Use the image to answer the question. An illustration shows a 3-D triangular prism with the triangular face as a right triangle. The edges that are not visible are represented by dashed lines. The length and base of the triangular prism measures 15.9 centimeters and 8.9 centimeters. The perpendicular side of the triangular face measures 5 centimeters and the other side measures 16.7 centimeters. A wooden door stopper needs to be covered with stickers to match the door for a directing contest. If one package of stickers covers a surface area of 75 square centimeters, how many packages of stickers need to be purchased? (Find the closest number to the surface area of the door stopper. Stickers may only be purchased in whole packs.)

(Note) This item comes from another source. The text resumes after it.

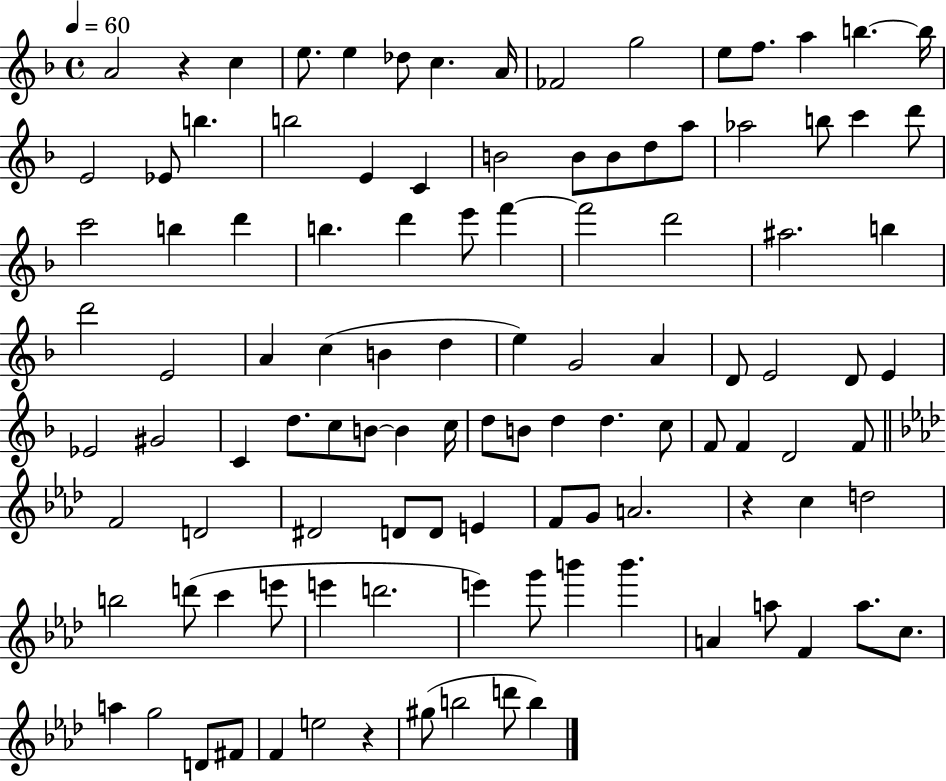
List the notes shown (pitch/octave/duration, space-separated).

A4/h R/q C5/q E5/e. E5/q Db5/e C5/q. A4/s FES4/h G5/h E5/e F5/e. A5/q B5/q. B5/s E4/h Eb4/e B5/q. B5/h E4/q C4/q B4/h B4/e B4/e D5/e A5/e Ab5/h B5/e C6/q D6/e C6/h B5/q D6/q B5/q. D6/q E6/e F6/q F6/h D6/h A#5/h. B5/q D6/h E4/h A4/q C5/q B4/q D5/q E5/q G4/h A4/q D4/e E4/h D4/e E4/q Eb4/h G#4/h C4/q D5/e. C5/e B4/e B4/q C5/s D5/e B4/e D5/q D5/q. C5/e F4/e F4/q D4/h F4/e F4/h D4/h D#4/h D4/e D4/e E4/q F4/e G4/e A4/h. R/q C5/q D5/h B5/h D6/e C6/q E6/e E6/q D6/h. E6/q G6/e B6/q B6/q. A4/q A5/e F4/q A5/e. C5/e. A5/q G5/h D4/e F#4/e F4/q E5/h R/q G#5/e B5/h D6/e B5/q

The surface area of a triangular prism can be calculated by adding the area of the two triangular faces and the area of the three rectangular faces.

First, calculate the area of the triangular faces:
Area = 0.5 * base * height
Area = 0.5 * 8.9 cm * 5 cm
Area = 22.25 square centimeters

Next, calculate the area of the rectangular faces:
Area = perimeter * height
Area = (8.9 + 15.9 + 16.7) cm * 5 cm
Area = 41.5 cm * 5 cm
Area = 207.5 square centimeters

Now, find the total surface area of the triangular prism:
Total surface area = 2 * triangular face area + 3 * rectangular face area
Total surface area = 2 * 22.25 square centimeters + 3 * 207.5 square centimeters
Total surface area = 44.5 square centimeters + 622.5 square centimeters
Total surface area = 667 square centimeters

Since one package of stickers covers 75 square centimeters, divide the total surface area by 75 to find the number of packages needed:
667 square centimeters / 75 square centimeters per package ≈ 8.9 packages

Therefore, 9 packages of stickers need to be purchased to cover the door stopper.